You liked how Shigidi plants orisha turf wars in contemporary streets—from Lagos backrooms to London galleries—while a dangerous deity keeps inserting themselves into human lives. In Black Water Sister, Jess is possessed by her grandmother’s ghost and dragged into Penang’s underworld of hungry gods and gangsters; the snarky, vengeful Black Water Sister feels like the kind of capricious power Shigidi and Nneoma have to bargain with.
If watching Shigidi—an old nightmare god pressed into modern contracts—and Nneoma navigate love, identity, and power in human cities hooked you, The Golem and the Jinni offers that same myth-made-flesh resonance. Chava (a golem) and Ahmad (a jinni) stride through 1899 New York’s immigrant neighborhoods, their uneasy friendship and secret pasts echoing Shigidi’s uneasy place among orisha bosses and his bond with Nneoma.

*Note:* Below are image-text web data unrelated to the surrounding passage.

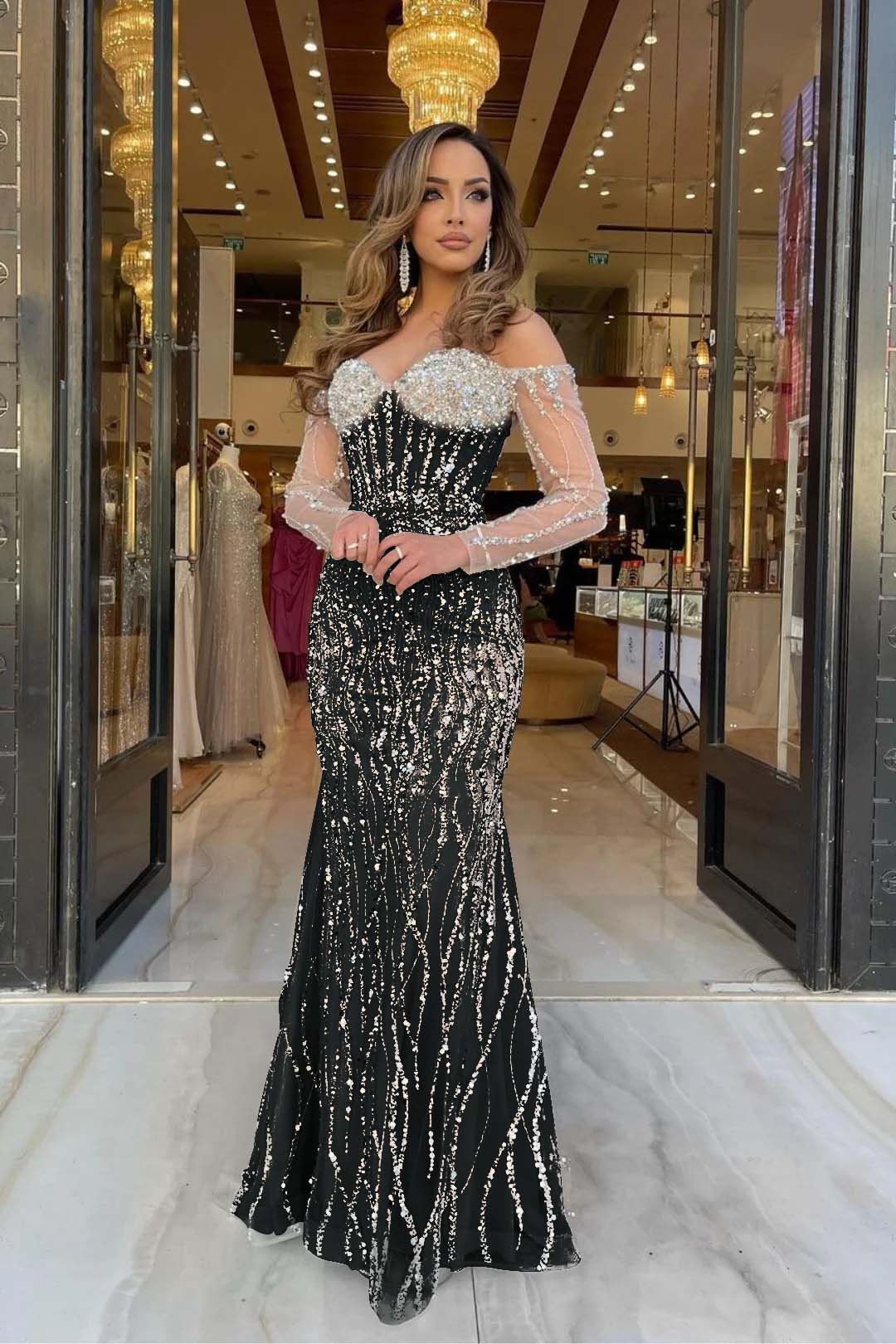 Champagne Mermaid Prom Dress Long Sleeve Off the Shoulder Formal Dress With Sequins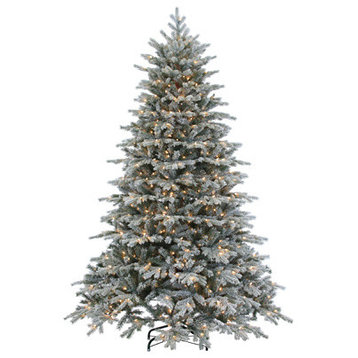 Flocked Natural Cut Vermont Spruce With 900 clear lights, 7.5 Foot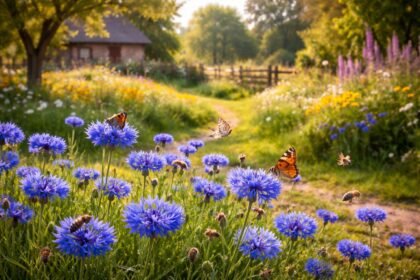 Blaue Kornblume im Duft von Lavendel und frischem Gartenboden vor grünem Beetrand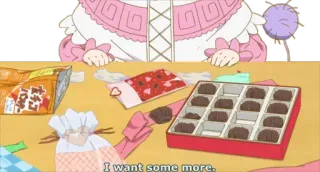 🍫 I want some more. Anime, Cioccolato, Dolce, Cibo, Dolci, Carino telegram sticker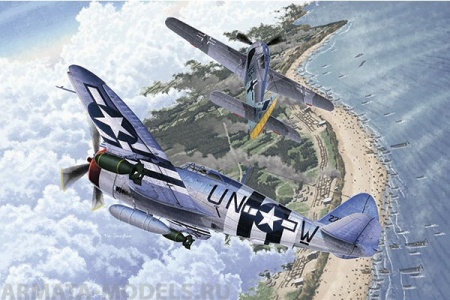 12513 Самолет  P-47D & FW190A-8 Annv.70 Normandy Invasion 1944  Academy
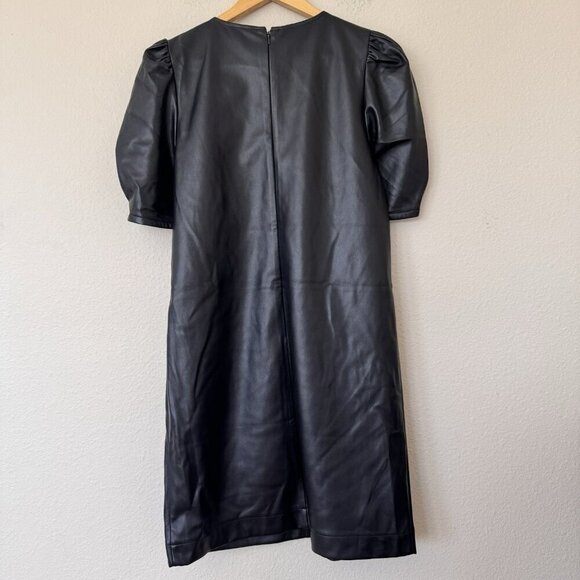 Loft Faux Leather Ruched Sleeve Shift Dress Size Medium Regular Black - Picture 5 of 5
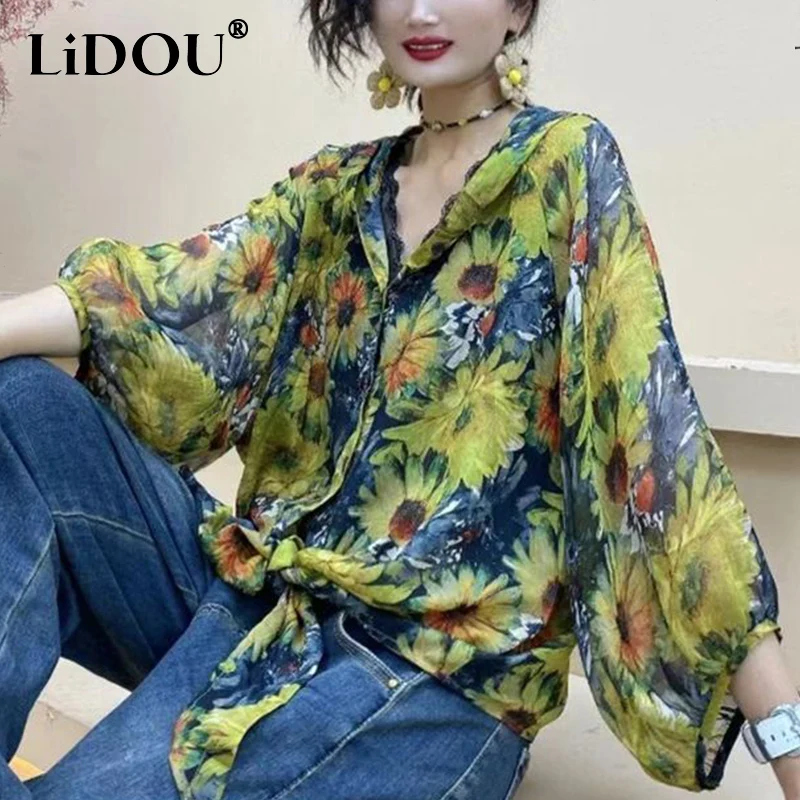 

Summer Fashion Casual Floral Printed Chiffon Shirt Ladies Long Sleeve Hooded Single Breasted Top Women Sunscreen Cardigan Blouse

If you enjoyed Shigidi’s not-quite-heroic hustles—taking jobs, making compromises, and cutting deals around the Obalufon head—American Gods hits the same vein. Shadow falls in with Mr. Wednesday, a slippery old god running cons and coercions; the road-trip collisions, backroom negotiations, and clashes between old powers and new mirror the orisha politicking and questionable choices that drive Shigidi and Nneoma.
Drawn to how the Obalufon head puts colonial looting and museum gatekeeping under a spotlight? In A Master of Djinn, Agent Fatma delves into a mass killing tied to secret societies and stolen djinn relics in an alternate Cairo where empire’s fingerprints are everywhere. The tension around who owns power and history—and the way institutions weaponize both—parallels Shigidi and Nneoma’s showdown over repatriation and divine ownership.